From: James Higgins (firstname.lastname@example.org)
Date: Thu Jul 04 2002 - 07:59:22 MDT
At 01:20 AM 7/4/2002 -0400, Gordon Worley wrote:
>>A more likely cause (in my book at least) would stem from quantum
>>mechanics. I'm defiantly no expect on this stuff but the little I do
>>know about is pretty amazing. For instance, you can tangle 2 quantum
>>particles together and they will then maintain exactly opposite states
>>(switch one and the other switches). Then you can move these particles a
>>very long distance and they still have this effect, and it is virtually
>>instantaneous (ie: I believe can be faster than light).
>The problem that I have with quantum theories of the brain (among other
>problems, but this is my major problem with these theories) is that the
>brain needs to be robust to work well. If every whim of a particle can
>cause neuron firings, the brain probably wouldn't work at all. From what
>I can tell, brains are much more like computers NASA builds to go up in
>space: they can take a blast of radiation and keep on working.
>As much as people like to think they have complete free will, the same
>patterns of thought are evident in most people (most people includes me)

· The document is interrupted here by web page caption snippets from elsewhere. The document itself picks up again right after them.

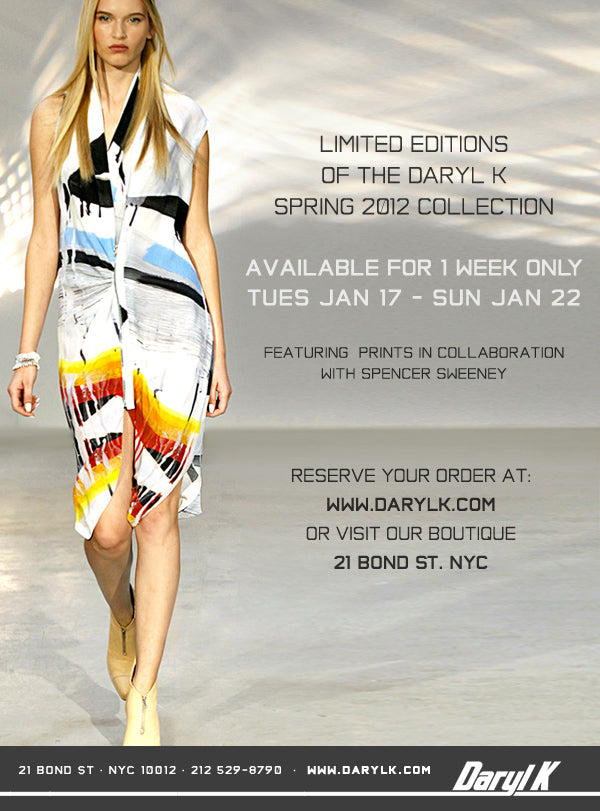 SS2012 LIMITED EDITION COLLECTION. RESERVE NOW!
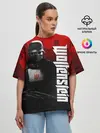 Женская футболка оверсайз / Wolfenstein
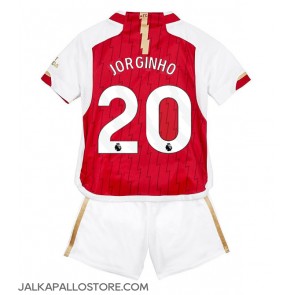 Arsenal Jorginho Frello #20 Kotipaita Lapsille 2023-24 Lyhythihainen (+ shortsit)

>and unless you like to be mystical or believe in quantum mystics, it is
>most likely that the brain is just really good at always getting the same
>kind of answer all of the time. Even the parts we can rewire don't change
>how we think so drastically that our minds become as alien as an AIs.
When quantum physics is more thoroughly understood I'm certain they will
figure out if and how it is related to the human brain. Until then we're
However, I didn't say the brain needed to be based on quantum mechanics (I
just said some people think so). What I did say is that quantum mechanics
could be responsible for the "mystical" capabilities some people believe
in. Even if the brain is not based on quantum mechanics it doesn't mean
that it can't detect such things at all. I have a friend who is very
scientific and logical and who (nearly) insists that his grandmother has
ESP like ability. Personally, I've never been convinced of such things
but, at the same time, I can't prove they don't exist.
>Besides, I assert there's no such thing as free will and it's just an
>illusion of the interpreter, but that's another thread.
Of course there is free will, at least on the individual level.